- DATASET CONTENT:
★ ★ ★

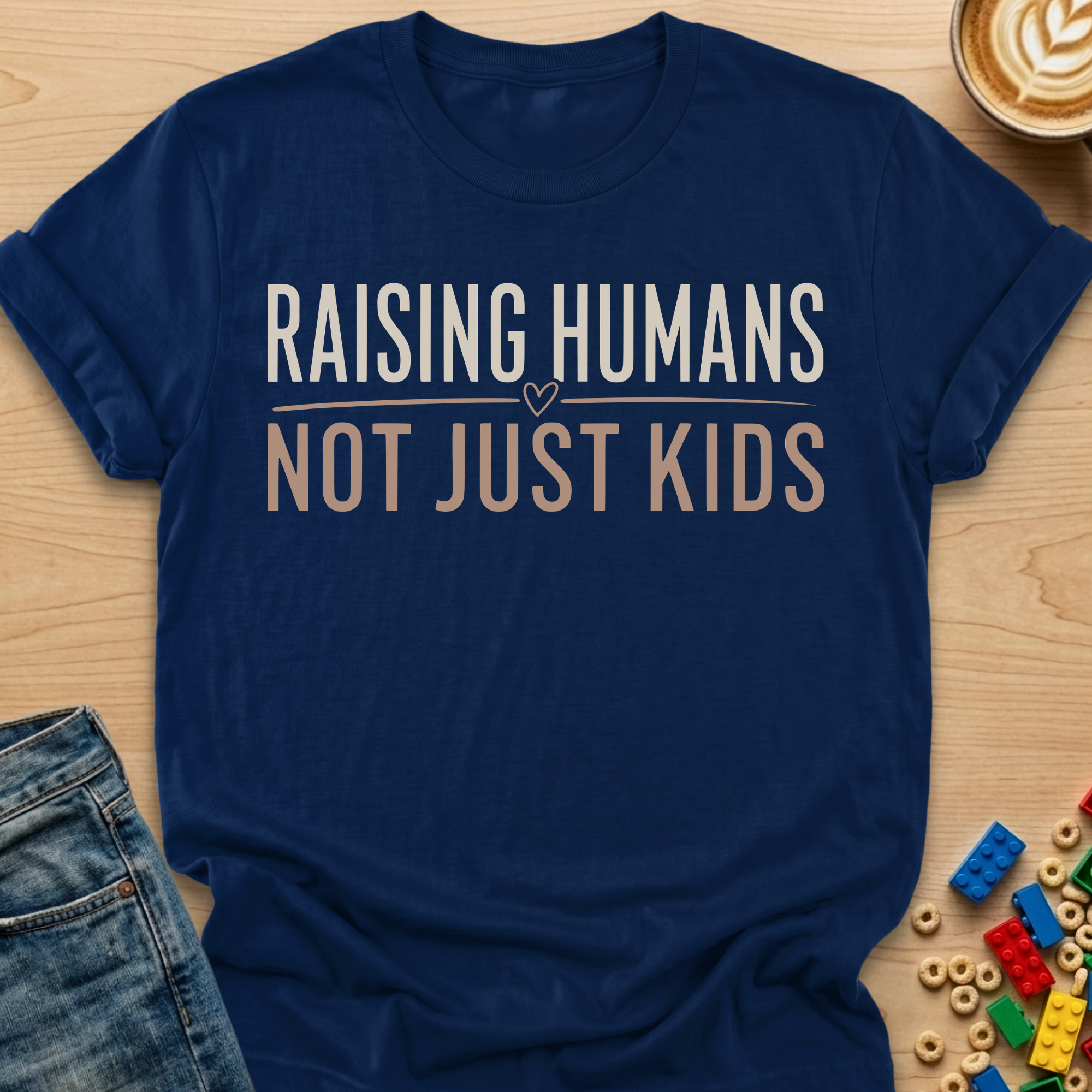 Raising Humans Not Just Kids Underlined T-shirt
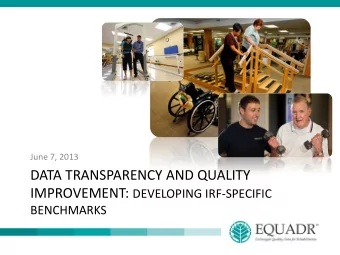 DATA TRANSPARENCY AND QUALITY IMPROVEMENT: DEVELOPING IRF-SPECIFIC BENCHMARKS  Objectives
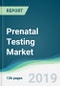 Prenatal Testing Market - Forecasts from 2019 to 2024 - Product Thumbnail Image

★ ★ ★

- YOUR TASK: Leave out every picture and write out exactly the lines running from the line containing "DATA TRANSPARENCY AND" to the end of the listing above.

- EXERCISE RESULT:
 DATA TRANSPARENCY AND QUALITY IMPROVEMENT: DEVELOPING IRF-SPECIFIC BENCHMARKS  Objectives
 Prenatal Testing Market - Forecasts from 2019 to 2024 - Product Thumbnail Image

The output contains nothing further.